Sich zu bedecken heißt nicht, dass man unterdrückt ist. Es ist einfach ein Thema, welches heute noch aktuell ist, und was viele nicht verstehen. Unsere Freiheit ist es, wenn wir uns so kleiden können, wie wir uns eben kleiden. Es ist eine Sache von Perspektive, vielleicht könnte man uns besser verstehen, wenn man uns so sehen würde, wie die Reiseschriftstellerinnen damals.
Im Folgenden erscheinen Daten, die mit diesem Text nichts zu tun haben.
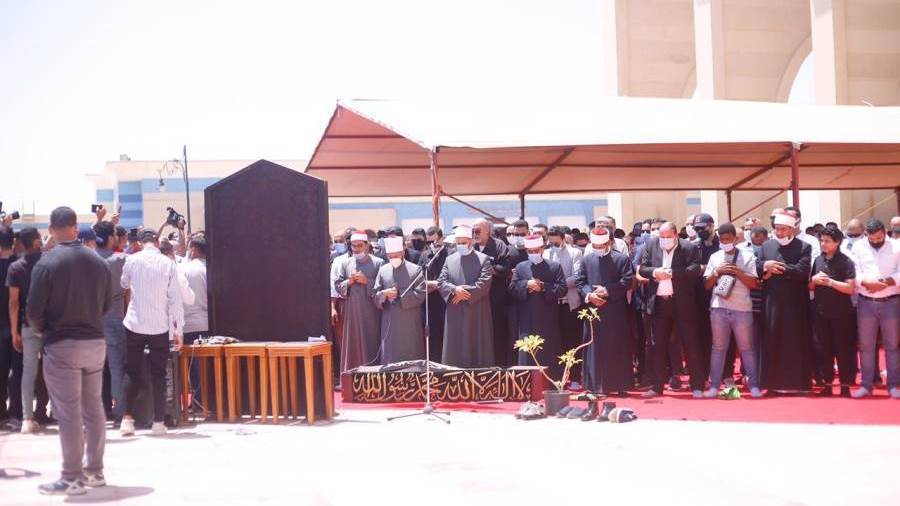 أسامة الأزهري يؤم المصلين في جنازة الفنان سمير غانم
Ich hoffe ich konnte euer Interesse an diesem Buch wecken. Ihr findet das Buch bei Amazon unter folgendem Link:

Ich hoffe diese kleine Buchvorstellung hat euch gefallen.

Beim nächsten Mal hoffe ich euch wieder eine Review präsentieren zu können.

Bis dahin wünsche ich euch ein paar gemütliche Tage zuhause.

Eure Jilbabella

Veröffentlicht von

jilbabella

Deutsche Muslima- Ehefrau- Mutter- Jilbabi- Bloggerin

3 Gedanken zu „Buchvorstellung: „Osmanische Frauen- Mythos und Realität““

  1. Assalamu alaikum wa rahmatullahi wa barakatuh Ukhti
    MashaAllah ich habe Deinen Newsletter gelesen und fand das Buch so interessant, dass ich es gleich ohne zu zögern kaufte. InschaAllah habe ich es secondhand günstiger bei medimops ueber eBay bekommen. Jetzt erst auf Deiner Seite auch die schönen 🌹Abbildungen gesehen
    BarakAllahu feeki

    Gefällt 1 Person

    1. Wa alaikum Salam Wa rahmatullah Wa barakatuh.

      Wa fiiki.😃 Dann wünsche ich dir viel Freude mit dem Buch. Ich finde es lohnt sich wirklich schon für die schönen Abbildungen. Zusammen mit dem Text ist es absolut empfehlenswert. Danke für den Tipp es gebraucht zu kaufen. Vielleicht werden andere dort ebenfalls fündig.